Era dato per disperso, dopo che aveva fondato Azione e si era presentato contro il candidato del PD alle comunali di Roma, anche se poi al ballottaggio aveva finito col sostenere l’usato sicuro di Gualtieri. Ma il suo atteggiamento da contestatore della sinistra assistenzialista, la sua perenne vis polemica e controcorrente, il suo muso duro contro la micidiale alleanza PD-M5S, gli anatemi nei confronti di Fratoianni e dei Verdi, e finanche gli epiteti lanciati a Di Maio nonostante la svolta moderata, avevano reso Carlo Calenda simpatico e gradito a noi liberal-democratici da sempre in attesa di un profeta o semplicemente di un leader dell’area riformista, atlantista ed europeista.
Un’area fluida, anzi liquida come si direbbe oggi, vagamente identificabile con il topos del Centro, ma comunque definibile con alcune parole d’ordine: agenda Draghi innanzitutto, e quindi transizione ecologica ma “adelante con juidicio”; sì ai termovalorizzatori e ai rigassificatori per i prossimi anni, e magari anche una riflessione razionale sul nucleare di ultima generazione. E nessun aumento della tassazione complessiva, sia chiaro, perché non sta scritto neppure nei Vangeli che anche i ricchi devono piangere, figuriamoci poi il ceto medio.

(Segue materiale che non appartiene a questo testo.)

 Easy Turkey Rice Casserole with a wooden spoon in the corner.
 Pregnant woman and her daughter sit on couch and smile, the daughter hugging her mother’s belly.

Non ci convinceva, dunque, la riedizione dell’Ulivo voluta da Enrico Letta, imbarcando la sinistra radicale, che ha votato quasi sempre contro i provvedimenti del governo Draghi, e i transfughi dimaiani del M5S, trasformisti al massimo livello e ideatori del reddito di cittadinanza (ve lo ricordate Di Maio sul balcone ai tempi dell’abolizione della povertà?).
Questo, fino a pochi giorni fa, Carlo Calenda lo aveva detto e ridetto e, siccome “scripta manent”, basta andarsi a leggere le sue dichiarazioni; per capire che poi gli è bastato l’incontro del 2 agosto con Letta e i vertici del PD per rimangiarsi tutto quanto. E far ritorno nella Casa madre: la sinistracentro o il centrosinistra o l’Ulivo o il campo largo, che sono tutti sinonimi, termini equivalenti per significare che niente è cambiato in Italia: perché le ammucchiate pre-elettorali per sconfiggere la Destra neofascista ( o viceversa la Sinistra marxista) ci riportano indietro di trent’anni (come ha giustamente scritto Giancarlo Magni su SR).
E il nostro terzo polo riformista e liberal-democratico che fine fa? A guardare realisticamente la situazione, verrebbe da dire: va a farsi benedire al camposanto. Per cui non ci resta che piangere. Anzi, non ci resta che Matteo Renzi.
Luigi
Congratulazioni a Roberto Riviello per la chiara e precisa analisi dei fatti narrati a proposito degli eventi tristi accaduti nelle ultime settimane nella politica italiana.
Il senatore Matteo Renzi: unico politico ancora lucido e lungimirante.